The toxic effects on Sprague Dawley rats after oral repeated dosing (via the diet) with Eucalyptus citriodora (Essential oil), was investigated according to OECD TG 422, under GLP. The experiment was performed with 10 rats per dose per sex, including a 2 week recovery. The tested dietary doses corresponded to 1000 ppm, 3000 ppm and 10000 ppm. Males were fed with medicated diet for 2 weeks prior to pairing, during pairing with females until necropsy, for a total of 33 days. Animals of the recovery groups were treated for a total of 4 consecutive weeks and sacrificed after 2 weeks of recovery (Groups 5, 6). Females were fed with medicated diet for 2 weeks prior to pairing, during pairing and throughout the gestation and lactation periods until Day 3 post-partum, for at least 41 days.

 

The following parameters were evaluated: mortality, clinical signs (including neurotoxicity assessment, motor activity, grip strength and sensory reaction to stimuli), body weight, food consumption, oestrous cycle, clinical pathology investigations (haematology and clinical chemistry), litter data, macroscopic observations, organ weights and histopathological examination. The identification of the stages of the spermatogenic cycle was performed in five randomly selected males of the control and high dose groups.

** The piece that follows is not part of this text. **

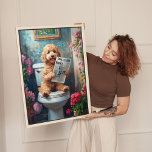 Goldendoodle Art Bathroom Humour Canvas Print<br><div class="desc">Bring a dose of joy and whimsy to your walls with this hilarious art print featuring a loveable goldendoodle casually reading the "Dog News" while perched on a toilet. Surrounded by vibrant florals and playful charm, this humourous dog art is perfect for adding personality to your bathroom, powder room, or...</div>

No mortality occurred throughout the study. No relevant clinical signs, neurotoxicity, clinical pathology or differences in body weight were observed throughout the study in all treated animals of both sexes. Body weight gain decreased in males and females with a dose-related trend. Food consumption was moderately reduced. No toxicological relevance was attributed to the slight reduction noted in terminal body weight of treated males and females. The major changes observed in treated males were an increase in kidney weights in mid- and high dose groups. These changes in kidney weights could be related to male rat specific nephropathic phenomenon which leads to hyaline droplet accumulation. In treated females statistically significant decrease was seen in absolute ovaries weight of the high dose group, likely related to the reduction in the number of corpora lutea noted in the animals. At macroscopic observations, no treatment-related changes were noted.

 

Recovery animals did not show any clinical, or neurological signs or effects on body weight during treatment, or during the recovery phase. Body weight gain and food consumption in treated males and females decreased during the treatment period, but reversed during recovery. During treatment, the food consumption was generally slightly reduced in both sexes especially in the first days of administration. During recovery periods, the food intake become comparable with the control group or, for males, the food intake was higher than control.

At the end of week 2 of the recovery period, changes observed during the dosing phase in haematological and coagulation parameters were no longer observed. After 2 weeks of recovery period, no relevant changes compared to the control group were seen in terminal body weight or organ weights of treated animals. Macroscopically, after 2 weeks of recovery period, no remarkable differences from the control group were noted in previously treated animals.

 

Based on the results of the present study, the NOAEL (No Observed Adverse Effect Level) for general toxicity was considered to be higher than the nominal dose level of 10000 ppm (achieved dosage of 1085 mg/kg bw/day for males and 767 mg/kg bw/day for females).